Joo  H. Kim

Joo H. Kim

Assistant Professor

Mechanical Engineering

Biography

Dr. Joo H. Kim is an Assistant Professor in the Department of Mechanical and Aerospace Engineering at New York University (NYU), which he joined in 2009.  Previously, he was an Adjunct Assistant Professor of Mechanical Engineering and postdoctoral research scholar in the Center for Computer-Aided Design at the University of Iowa.  Dr.
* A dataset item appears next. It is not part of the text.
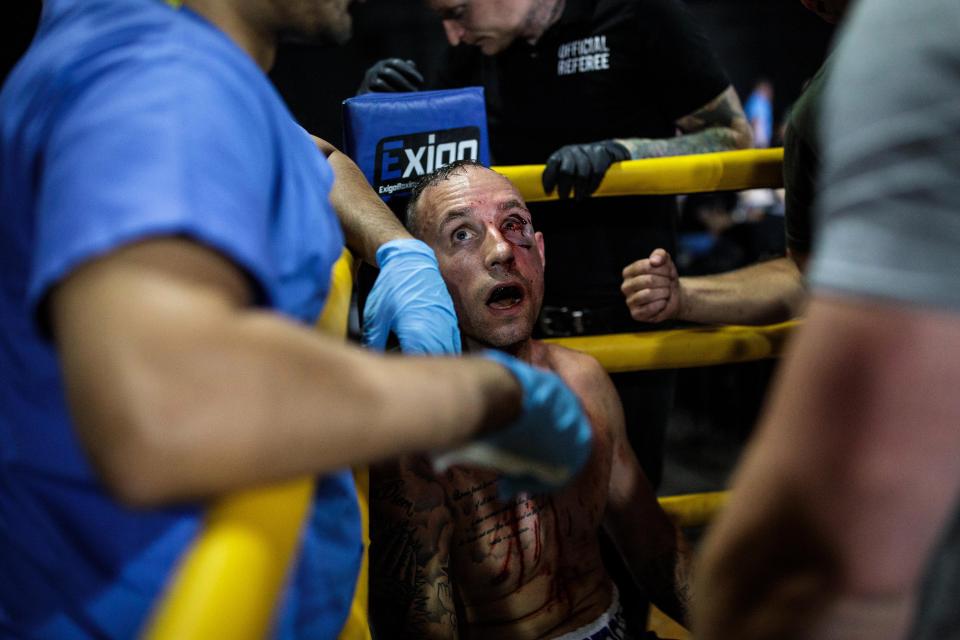 Бокс без перчаток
Kim directs the Applied Dynamics and Optimization Laboratory where his group focuses on fundamental research in multibody dynamics, optimization, motion generation, design, and control of mechanical and biological systems.  His research areas for application include robotics, biomechanics, and their intersections (e.g., exoskeletons), with particular interest in locomotion, balancing, manipulation, and energetics.  Dr. Kim holds a Ph.D. (2006) in mechanical engineering, as well as M.S. degrees in mathematics, mechanical engineering, and biomedical engineering, all from The University of Iowa, and a B.S. degree in mechanical engineering from Korea University in Seoul, South Korea.  Dr. Kim is a member of ASME, IEEE, and ASB, and organized several symposia and sessions in international conferences. 

  

Journal Articles

SELECTED RECENT JOURNAL PUBLICATIONS (out of 20+ journal articles as of January 2013)

Kim, J.H. and Joo, C.B., "Optimal motion planning of redundant manipulators with controlled task infeasibility," Mechanism and Machine Theory, Vol. 64, pp.155-174, June 2013. 
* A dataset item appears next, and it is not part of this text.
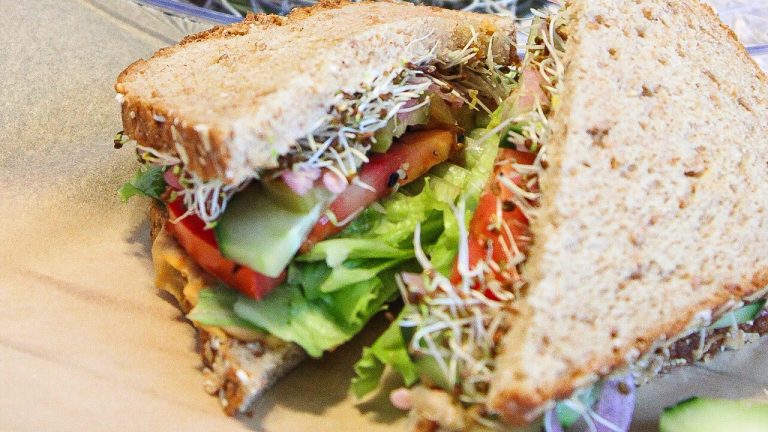 Running Out of Lunch Ideas? 26 Easy Recipes To Try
Mummolo, C. and Kim, J.H., "Passive and Dynamic Gait Measures for Biped Mechanism: Formulation and Simulation Analysis," Robotica, Vol. 31, n 4, pp.555-572, July 2013.      
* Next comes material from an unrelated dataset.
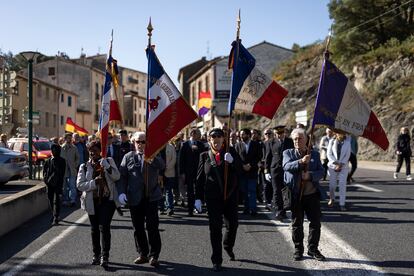 Marcha en homenaje a los exiliados, este lunes en Le Phertus, Francia.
Kim, J.H., Abdel-Malek, K., Xiang, Y., Yang, J., and Arora, J.S., "Concurrent Motion Planning and Reaction Load Distribution for Redundant Dynamic Systems under External Holonomic Constraints," International Journal for Numerical Methods in Engineering, Vol. 88, n 1, pp.47-65, October 2011.  

Kim, J.H., "Optimization of Throwing Motion Planning for Whole-Body Humanoid Mechanism: Sidearm and Maximum Distance," Mechanism and Machine Theory, Vol. 46, n 4, pp.438-453, April 2011.  

 

Other Publications

SELECTED RECENT CONFERENCE PRESENTATIONS (out of 50+ conference papers as of January 2013) 

Kim, J.H. and Joo, C.B., "Controlled Infeasibility for Physically Feasible Optimal Motion Planning of Manipulators," ASME IDETC 36th Mechanisms and Robotics Conference,August 12-15, 2012, Chicago, IL, USA.  

Roberts, D.P. and Kim, J.H., "DC Motor Energetics in Redundant Manipulators with Application to Walking Robots," ASME IDETC 36th Mechanisms and Robotics Conference,August 12-15, 2012, Chicago, IL, USA.  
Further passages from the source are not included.